Scraped caption text data
□ □ □
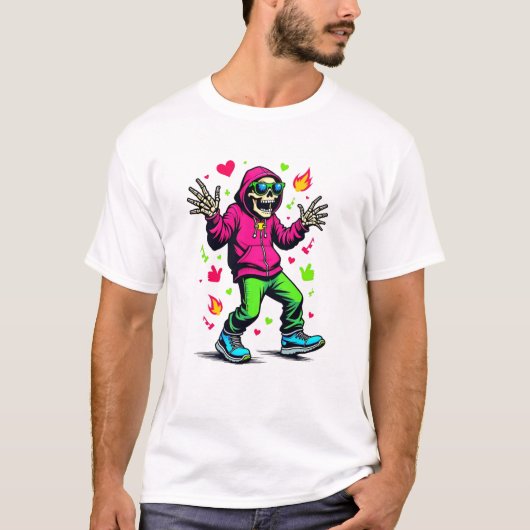 Trendy Skeleton T-Shirt (Vorderseite)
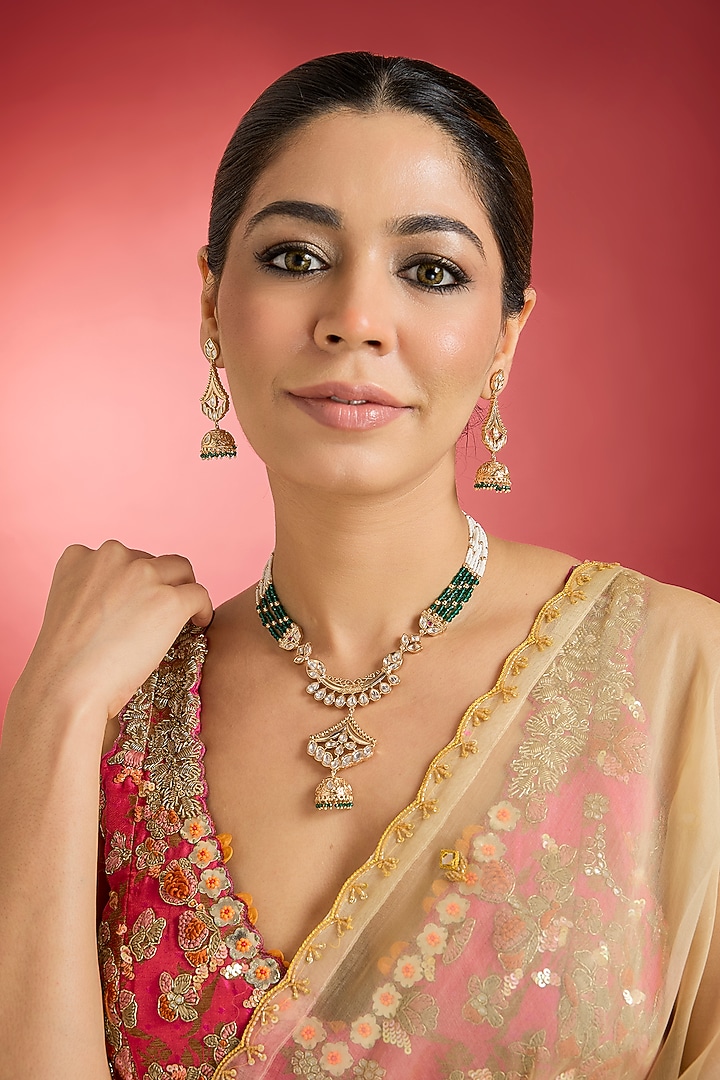 Rose Gold Finish Green Kundan Polki Long Pendant Necklace Set by Swabhimann Jewellery at Pernia's Pop Up Shop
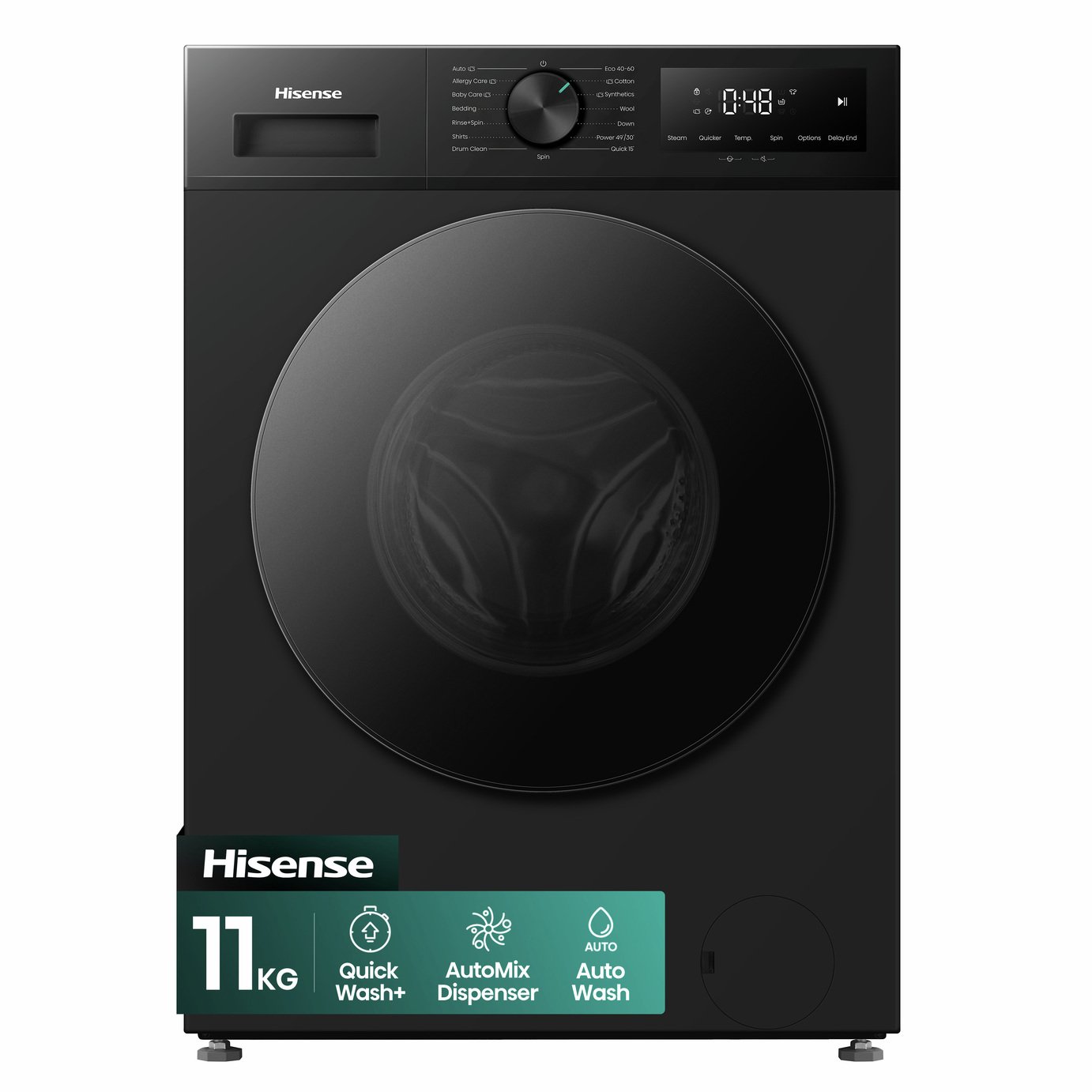 Hisense WF1I1142BBL2 11KG 1400 Spin Washing Machine - Black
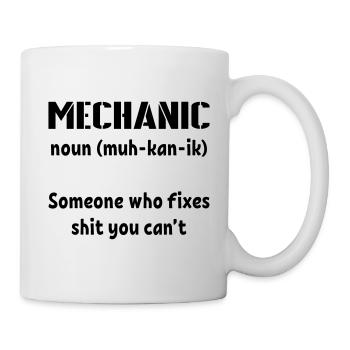Mechanic Tshirt Funny - Tasse - Weiß - Rechts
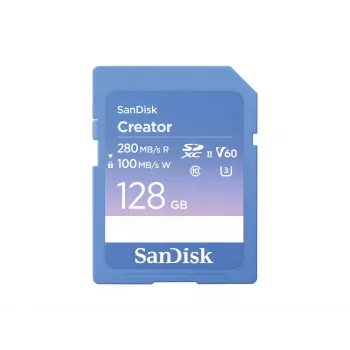 SanDisk Creator SD-muistikortti UHS-II 128 GB siirtonopeudet jopa 280 MB/s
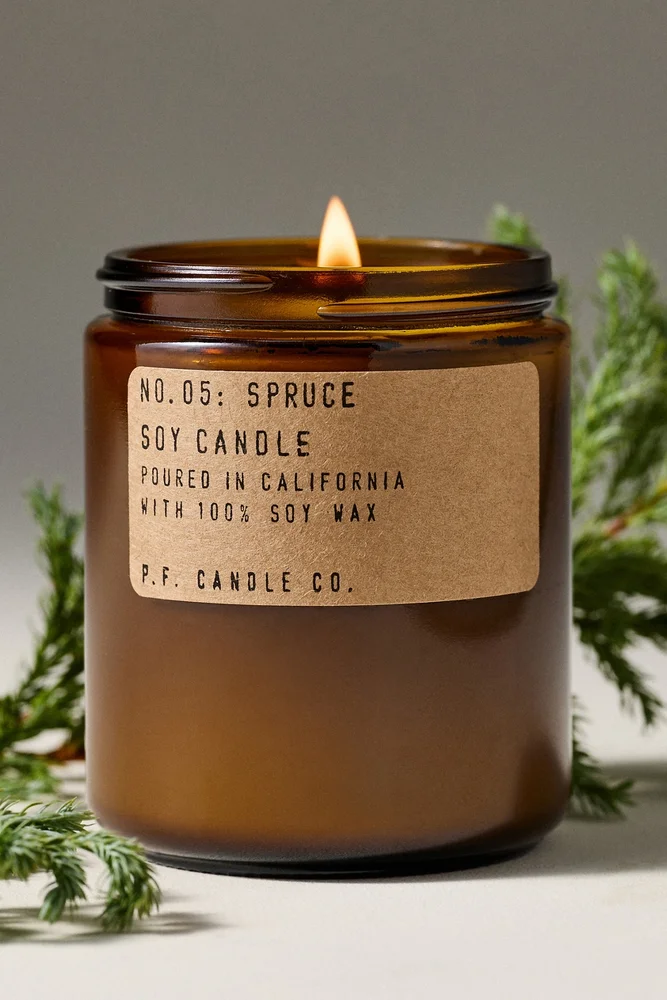 Woody Spruce Glass Candle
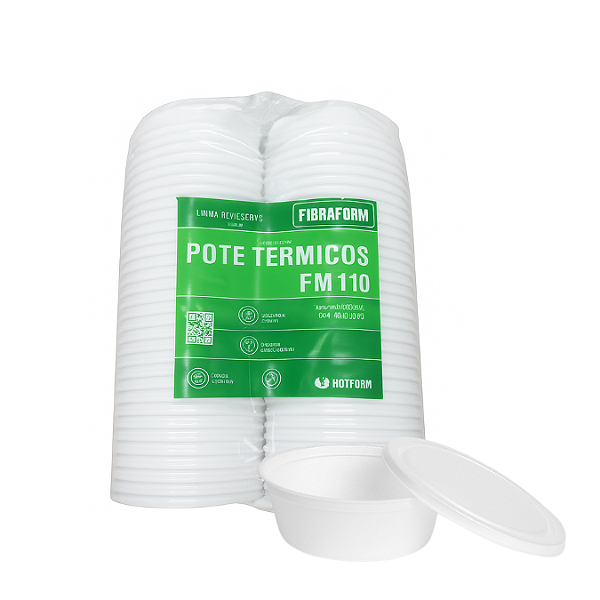 Marmita de isopor redonda 1100ml com tampa FM110 - fardo c/50un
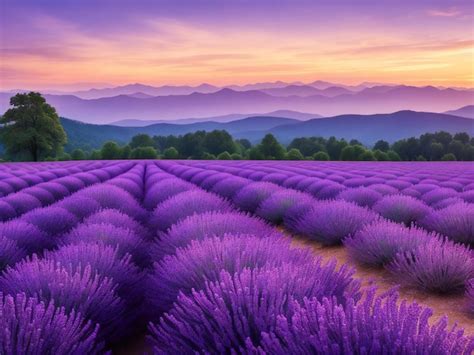 Premium Ai Image Digital Lavender Natural Landscape Ai Generated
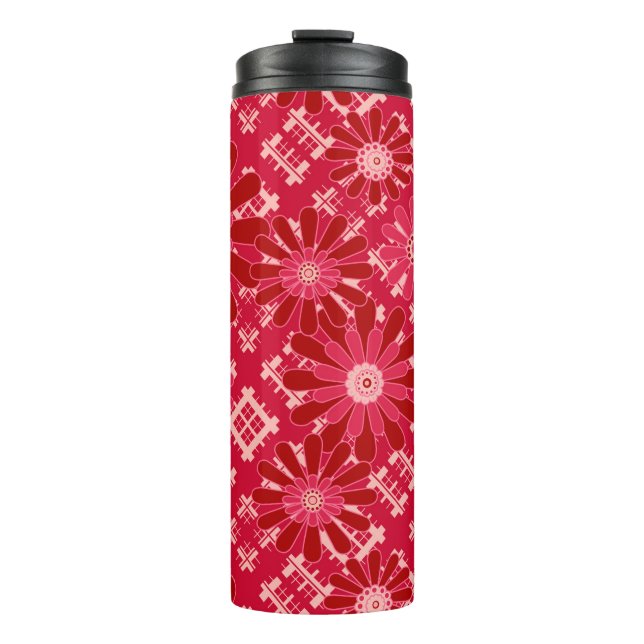 Bouteilles Isothermes Plaid, floral, plaid, rouge, rouge, rustique (Devant)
□ □ □
## Your goal
Write out, word for word, the lines from the first line of the entries through the one containing "Mechanic Tshirt Funny - Tasse - Weiß - Rechts", both included. Leave out the pictures.

## Solution to this exercise
 Trendy Skeleton T-Shirt (Vorderseite)
 Rose Gold Finish Green Kundan Polki Long Pendant Necklace Set by Swabhimann Jewellery at Pernia's Pop Up Shop
 Hisense WF1I1142BBL2 11KG 1400 Spin Washing Machine - Black
Mechanic Tshirt Funny - Tasse - Weiß - Rechts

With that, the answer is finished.